5 Nisan 2011 Salı
HERKESİN BİR HİKAYESİ VAR
Mustafa Köse
5 Nisan 2011
Herkes bir hikaye uydurmuş gidiyor. Hakikaten bu nasıl başarıldı. Bu kandırmaca nasıl bitmiyor. Zira her rejim uyduruk hikayelerle yıllarca ayakta kalıyor. Ne zaman sıkışılırsa bu hikayelere sarılır duygu sömürüsü yapılır. Asıl korkunç olanı bu hikayelere inanacak yığınla insanın her zaman bulunuyor olması. Şüphesiz bunlar olmasaydı her şey farklı olacaktı. Zaten toplum hikayelere inanmayı bıraktığı zaman kendi kaderiyle ilgili iyi şeyler söyleyebilecek, yapabilecektir.
Hiç kuşkusuz sonuçlardan bahsediyorum. Sonuçları ele alarak durum tespiti yapıyorum. Ancak anlatmaya çalıştığım şey bu sonuca gelmek için yapılanlara dikkat çekmektir. Zira bunlardan ders almaktır. Çünkü biliyoruz veya gördük ki bu hikayeler için bazı kesimler (devletler dahil) nice gayretler harcamaktadır.

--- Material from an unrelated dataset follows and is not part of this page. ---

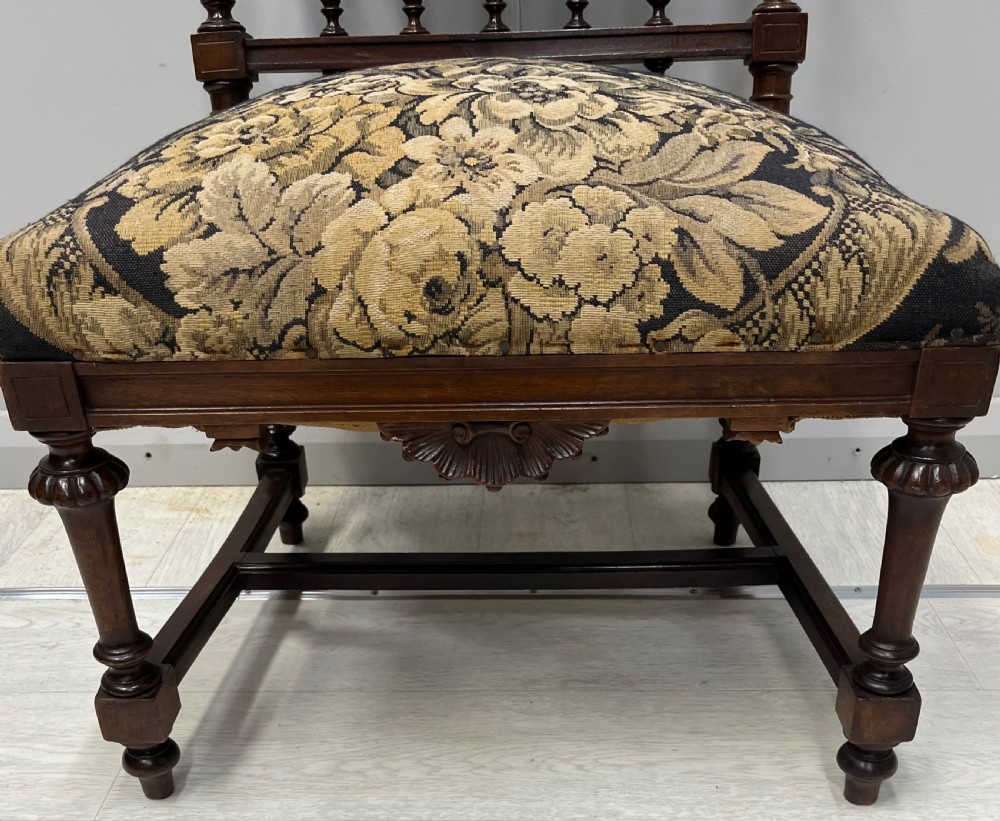 A Victorian low-seated prie-dieu prayer chair featuring turned wooden legs, a spindle back gallery, and black and gold floral tapestry fabric. View V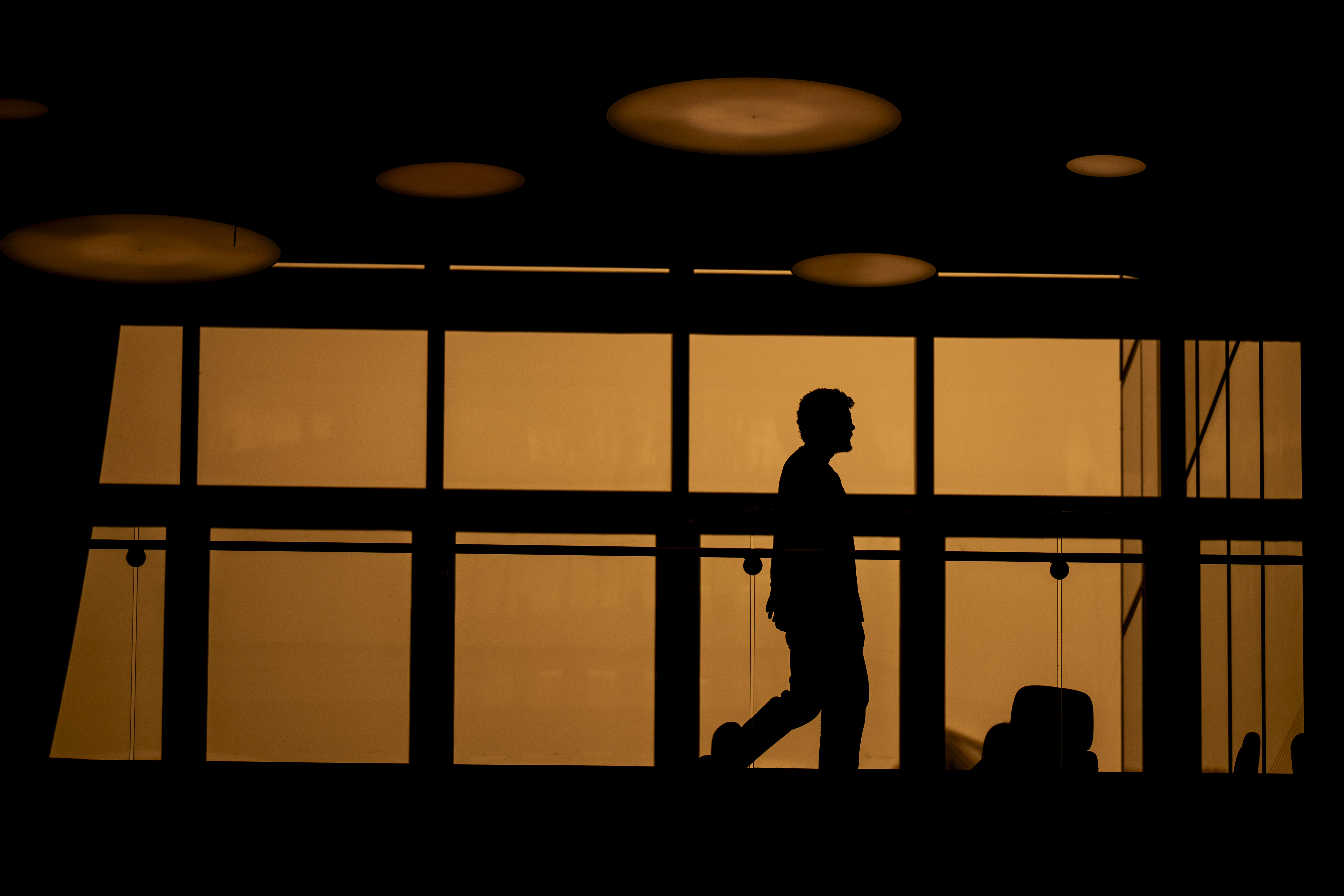 A person's silhouette is visible through orange-tinted windows inside a smoky-lit building.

Etrafımızda geniş bir örnek yelpazesi var. Her ülkenin kendine göre bir hikayesi var. Toplumların zaaflarını kullanıyor. Güncel diye birkaç örnek vermek istiyorum. Tabi ki önce kendimizden bahsedeceğim. Diğerleri Libya-Bahreyn ve Suriye.
Biz cumhuriyeti henüz kurarken bile hikayelerin içine düştük. Tarikatlar cumhuriyeti yıkacak. Kürtler ülkeyi bölecek. Aydınlar bizi Ruslara bağlayacak. Dış dünya bizi parçalayacak diye bir korkuyla başladık. Halkımız cahil. Halkımız kandırılmaya müsait. Onun için Askeri vesayetçi rejim bu işin sigortasıdır dedik. Başını kaldıranı ezeceksin. Memleket idaresini sivillere bırakmayacaksın. Ekonomi, siyaset, eğitim, iletişim, savunma, diplomasi, hukuk, bürokrasi, doğrusu toplumsal konularımızın her şeyi denetlenecektir. Kontrol altında olacaktır. Bunun için ne gerekiyorsa yapılmalıydı. Sanayileşmeden, çağdaş demokrasi ölçüsüne kavuşmadan, toplumsal barışımızı sağlanmadan ve demokratik devlet ölçülerini dikkate almadan 100 yılımızı kaybettik. Bu gün hala bu masallarla meşgulüz. Bazılarına göre dinciler şeriatı şimdi daha kolay getirecekler. Kürtler de ülkeyi bölmek üzereler diye korkutuluyoruz. Dolayısıyla reel sorunları ve gelişmiş bir demokrasi ölçüsünü konuşamıyoruz. Çünkü özgürlüklerden korkuyoruz. Özgürlük artarsa dincilerin önü alınamayacak diye düşünülüyor. AKP’nin gücü insanları korkutuyor. Bu güç mutlak ve değişmez sanılıyor. Ulusalcılar AKP hem şeriatı getirecek hem de faşist diktatörlük kuracak diye ikili korkuları yayıyorlar. Onlara göre darbe hazırlıkları yalan. Ergenekon terör örgütü soruşturmaları kasıtlıdır. Yeraltından çıkarılan silahlar da hikaye. Onların iktidar taraftarlarınca kasıtlı gömüldüğünü söylüyorlar. Kamuoyunu germeye çalışıyorlar. Bu ülkede hiç darbe olmamış gibi davranıyorlar. Siyasete hiç muhtıra verilmemiş gibi sayıyorlar. 1970-1980 arasında 5500 evladımızı sanki dış güçler öldürttü. Aydınlıktan korkan bir topluma dönüştürüldük. Sanki bütün kötülüklerin sebebi açıklık ve saydamlıktır. Lakin bu hikayelerin sonuna gelmiş durumdayız. Ya her şeyi değiştireceğiz ve bize layık demokrasi yaratacağız. Ya da birilerinin yeni hikayelerine hazır olacağız. Kendi adıma iyimser olmak için yeterli sebepler görüyorum.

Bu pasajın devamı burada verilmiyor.